Для подготовки летчиков, способных работать в высоких широтах, нужна особая школа. И мы создали такую школу. Конечно, обиды случались. Но все ведь были равны перед этой школой. Поэтому гордыню смиряли. И потом в основе этой школы хорошие принципы лежали: ты должен овладеть летным мастерством в совершенстве и получишь все блага по справедливости. А сама Полярная авиация, то есть дело, только выигрывала — у большинства наших людей имелись допуски ко всем работам.
Возьмите нашумевший полет в Антарктиду АН-12 и Ил-18. Поляков сидит на левом кресле, а Ступишин — на правом. Осипов и Рогов — так же на другой машине. Но ведь все они — прекрасные командиры, обладавшие полной взаимозаменяемостью. О выгодах такой подготовки стоит ли говорить?
А эту же школу проходили и штурманы, и бортмеханики, и радисты. И выковывались экипажи... Я сторонник слетанного экипажа. Мы старались сохранить их, не тасовать. Это же очень важно, когда люди не с полуслова, а с полмысли понимают друг друга в кабине.
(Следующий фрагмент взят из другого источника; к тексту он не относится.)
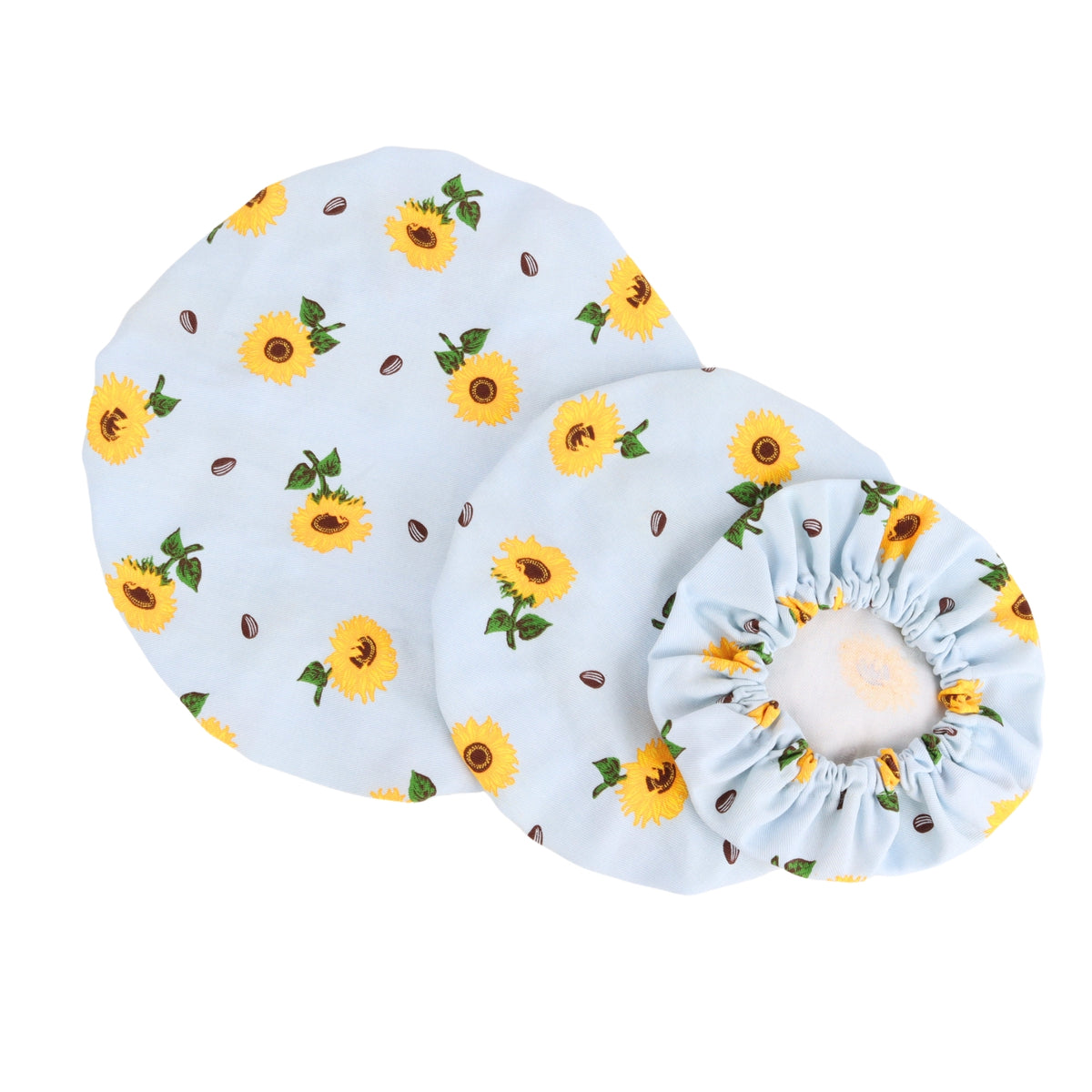 Reusable Upcycled Cotton Bowl Covers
Я думаю, и сейчас эти истины, оправдавшие себя не раз в труднейших ситуациях, не должны быть забыты. Арктика — та же, морозы, пурга, туманы — те же.
Людей на командные должности выдвигала сама работа, жизнь. Комэском, например, был Михаил Алексеевич Титлов. Так ведь шляпу снять перед ним не считал зазорным ни один летчик. И когда он просил что-то сделать, это становилось делом чести.
И никого такой подход не удивлял. Ваш покорный слуга тоже никогда не употреблял слово «приказываю». Только «прошу». Авторитет в Арктике зарабатывался тяжелым летным трудом, но и крепче его не было.